Wednesday, May 2, 2012

Managing Later-Life Transitions to Encore Careers

We are experiencing the beginning of a massive demographic transition, particularly in the developed world. The percentage of the population over the age of 50 is exploding, and a growing number of people are looking to change careers later in life. These “encore”careers were the topic among expert panelists at the 2012 Milken Institute GlobalConference.

The discussion started with all four panelists sharing personal stories about their mid-life transition after having successful “first” careers. Over the years, they started getting less and less satisfaction from what they were doing. As Sherry Lansing, CEO of The Sherry Lansing Foundation and founder of EnCorps Teachers Program put it, she “did not want to die at her desk.”

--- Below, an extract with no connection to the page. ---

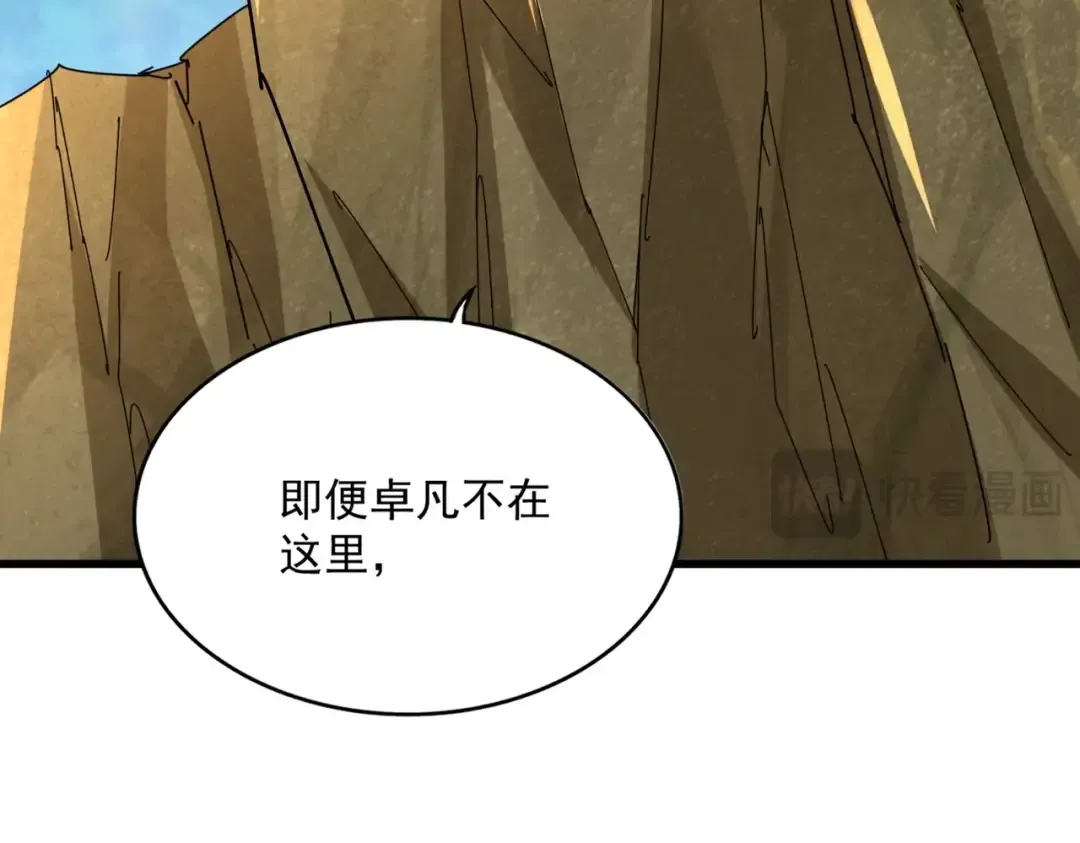 第477话 策反中 第110页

However, the panelists noted that people face challenges in making the transitions that they want. For example, there are not programs that provide people older than 50 with the education and internships that are readily available to younger people.

Moderator Paul Irving of the Milken Institute discussed what the perceived obstacles were for most Americans who are looking to make the later life transition, including:
  • Financial insecurity
  • Uncertainty in career choice
  • Not enough information about what careers are in need of them
  • Inadequate support system
  • Inadequate time
A. Barry Rand, CEO of AARP, pointed out that as our population is aging, there is a growing group of younger baby boomers who are taking care of both their children and their parents, which makes the economic insecurity that comes with changing careers even more daunting. Marc Freedman, CEO of Civic Ventures, noted that the financial insecurity issue is compounded by the fact that most healthcare is provided through employers. Lansing noted than in her experience, the average transition takes 18-24 months. Cutting this time down would help alleviate many of the barriers discussed. 

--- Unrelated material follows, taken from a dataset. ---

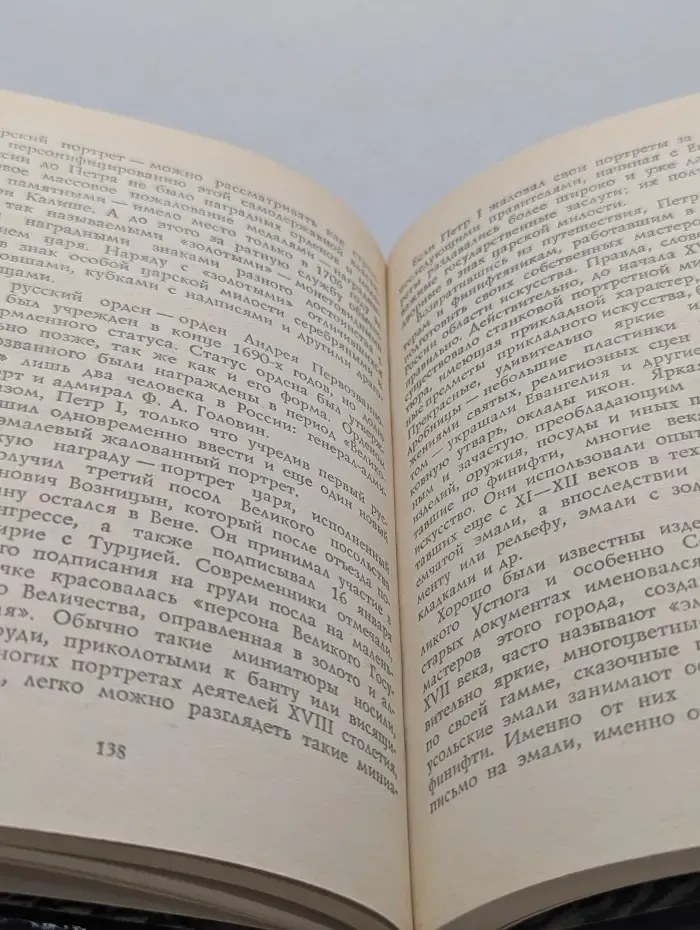 Первые художники Петербурга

Ron Cordes, co-founder of the Cordes Foundation, used a personal anecdote about his career change to point out that many jobs today are procured through personal and professional networks that can often take years to build. When planning a switch, it is helpful to utilize the networks you already have built, or to start networking ahead of time before making the change.

All agreed that we need programs that match those who want to make a transition with information regarding where the labor needs are in order to create some level of comfort for those who want to change careers later in life.